Chapter 6: The Prisoner - S1-E6

Plot hole: When the distress signal is launched, approximately 20 minutes are left till the arrival of the New Republic fleet. From the control room the team arrives to the prisoner's cell with 15 minutes to spare. They lock Mando up, and next time they communicate with their getaway robot dude, it says there are only 10 minutes to go, meaning it took them an astonishingly long time to navigate the ship without being really much closer to the exit, having met no opposition. Then the episode turns into a slasher movie of sorts, and somehow Mando manages to find them separately, hunt them down and as it turns out, not simply disposing of them, but also drag their unconscious carcasses to the empty cell he escaped from. There's nothing coherent about this timeline.

Sammo

Chapter 8: Redemption - S1-E8

Continuity mistake: Somehow without being challenged, the imperials put explosive on the door of the cantina and blow it open, nearly flushing out Cara. More pew-pew action ensues, Mando is critically wounded, and his pals drag him back to the cantina and...close the door behind them. The building grew a door back? (00:17:05 - 00:18:30)

Sammo

Chapter 8: Redemption - S1-E8

Plot hole: Mando thinks that the other Mandalorians are alive, that they will definitely help him (but then why didn't he contact them?), and even presumes that they are still hiding in the same sewers as before, when it was stated at the end of 1-3 that they'd have to relocate, and he knows now that the planet is under imperial control. Still, he is not wrong, and despite most of the Mandalorians having died, their precious armor lie there even days or weeks after.

Sammo

Chapter 8: Redemption - S1-E8

Plot hole: Moff Gideon can count on a plethora of forces (as seen in Season 2) and as a calculating villain who does not value at all the lives of his men, he should go and regroup.
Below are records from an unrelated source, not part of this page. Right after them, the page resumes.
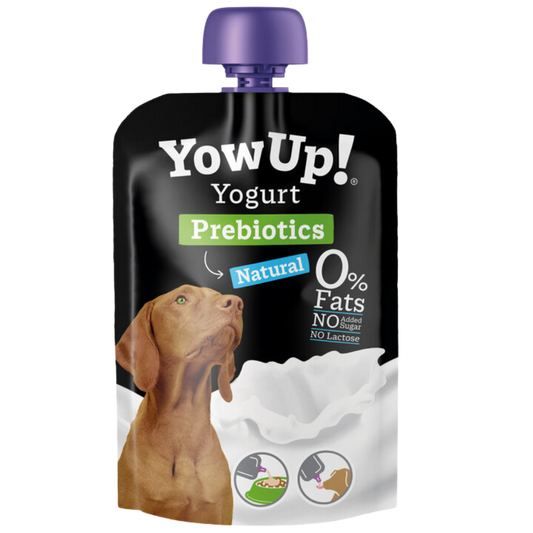 YOGHOURT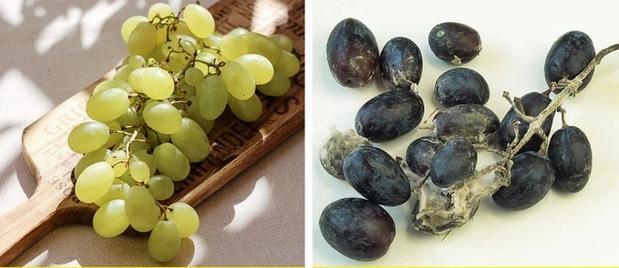 5 cặp rau củ tuyệt đối không bảo quản chung, tránh hủy diệt lẫn nhau-1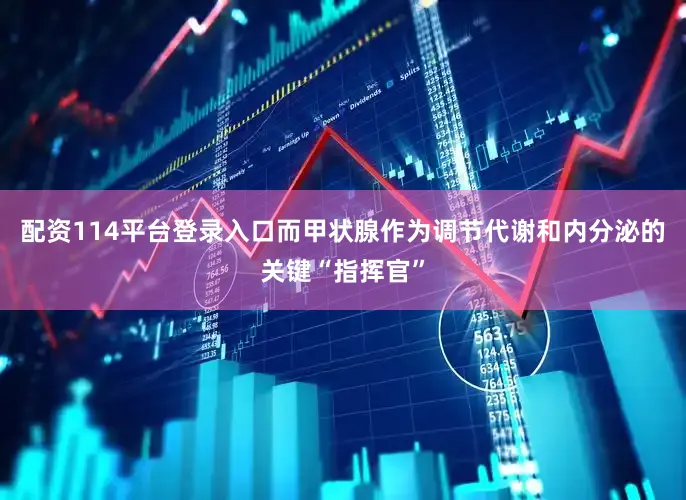 配资114平台登录入口而甲状腺作为调节代谢和内分泌的关键“指挥官”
Instead, he engages Mando and the others firing at their boat, which if successful, would atomize the Child, making his mission entirely for naught.

Sammo

Chapter 7: The Reckoning - S1-E7

Plot hole: Kuiil is shown salvaging the droid from the building's ruins. A campfire is still burning and the droid's remains are still smoking, but at the end of the mission he spent a couple days at least with Mando on the jawas' sidequest. The only time when he could have got the robot when the ruins were still smouldering would have been right after Mando left, but that implies he's been a huge jerk not giving him a ride, and lied to him when he acted surprised he was still alive - it's also impossible he could have had the droid on his property without Mando seeing it and freaking out. (00:09:50)

Sammo

Chapter 6: The Prisoner - S1-E6

Plot hole: Mando's ship appears in front of the X-wings, but they ignore it entirely without even acknowledging its departure. Considering they have strength in numbers and are chasing a fugitive and acting with extreme prejudice, it makes no sense. (00:36:40)

Sammo

Chapter 7: The Reckoning - S1-E7

Revealing mistake: There's some sleight of hand involved when Cara gets her cup of tea from the repurposed IG-11. Maybe it was costly to have the animatronic arm working to the point of actually supporting the cup and hand it to her, so pay attention to what Cara actually does; Gina Carano is ALREADY holding the cup, taps the mechanical hand with it as if the fingers just released it from their grasp, and retrieves it. (00:11:50)

Sammo

Chapter 1: The Mandalorian - S1-E1

Other mistake: The laser cannon punches decent sized holes into the columns and even cuts through the thick metal of the door (and look with what ease), but it is shown hitting the droid at least 4 times never managing to do any visible damage to it. When at the end of the battle they talk about the 'wound', it's not in one of those spots. (00:33:30)

Sammo

Chapter 8: Redemption - S1-E8

Plot hole: Weeks if not months have passed since Mando has been on Nevarro, with the power shift and the Empire taking control. The Mandalorian community was small, but he finds the Armorer in the old lair that says that she will leave only when she will have salvaged what remains. Since 'what remains' is a pile of armor pieces, and she is carrying already a cart full of those, it appears absurd that she'd still not finished with that task, especially considering that we see how the smelting process is pretty swift (she melts an armor piece and shapes it into the signet in the space of a brief conversation!) and even if every single one of the Mandalorians left their armor behind, it'd be just a couple of carts' worth of metal.

Sammo

Upvote valid corrections to help move entries into the corrections section.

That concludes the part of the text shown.